**Given material:**
● ● ● ● ● ● ●

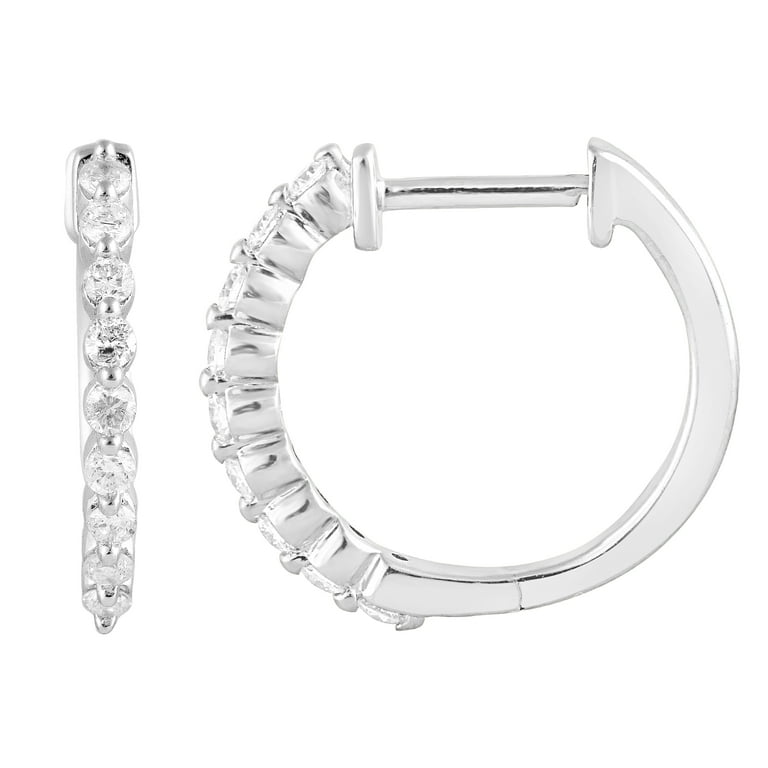 LADIES EARRINGS 0.25CT ROUND/PRINCESS DIAMOND 14K WHITE GOLD (SI QUALITY)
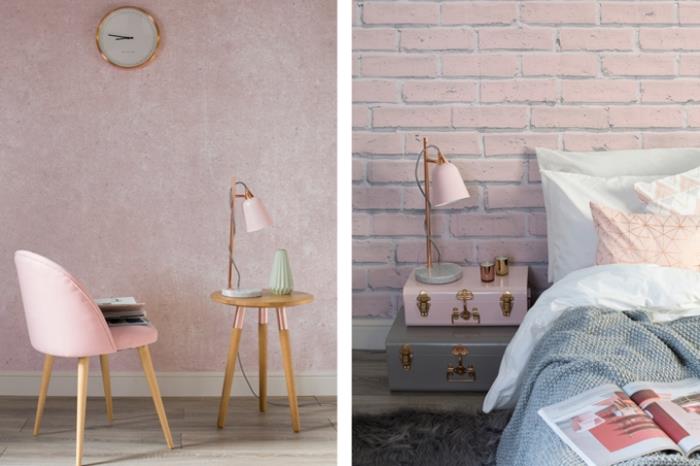 rožinės ir pilkos spalvos miegamojo deko su mediniais baldais, pastelinės rožinės spalvos tapetų modelis kartu su baltu ir variniu laikrodžiu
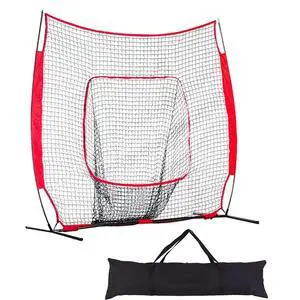 7ft Baseball Softball Backstop Practice Net for Hitting Pitching Batting W/Bag 7ft Baseball Softball Backstop Practice Net for Hitting Pitching Batting W/Bag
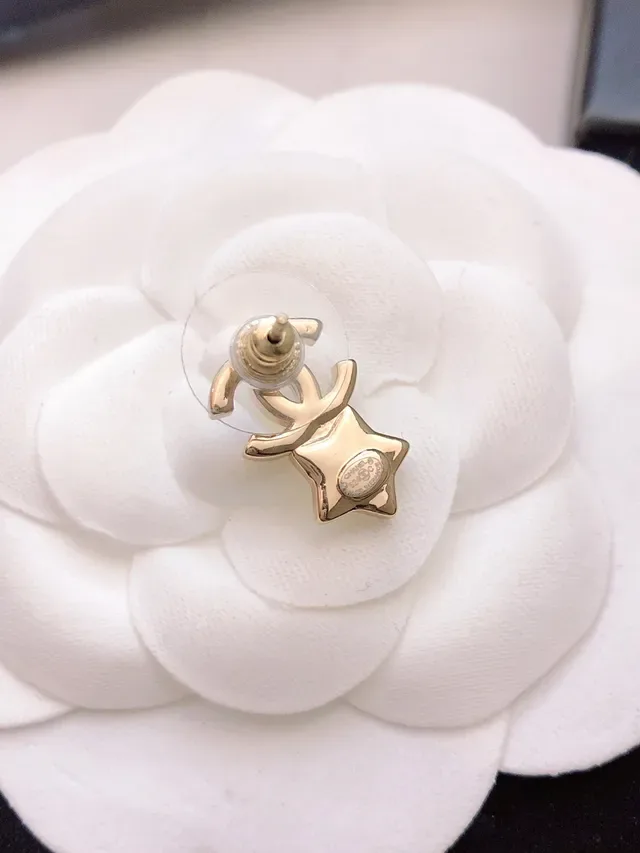 Chanel Star CC Pavé Crystal and White Enamel Stud Earrings 4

● ● ● ● ● ● ●

**Task to complete:**
Excluding pictures, print all lines above exactly.

**Task answer:**
 LADIES EARRINGS 0.25CT ROUND/PRINCESS DIAMOND 14K WHITE GOLD (SI QUALITY)
 rožinės ir pilkos spalvos miegamojo deko su mediniais baldais, pastelinės rožinės spalvos tapetų modelis kartu su baltu ir variniu laikrodžiu
 7ft Baseball Softball Backstop Practice Net for Hitting Pitching Batting W/Bag 7ft Baseball Softball Backstop Practice Net for Hitting Pitching Batting W/Bag
 Chanel Star CC Pavé Crystal and White Enamel Stud Earrings 4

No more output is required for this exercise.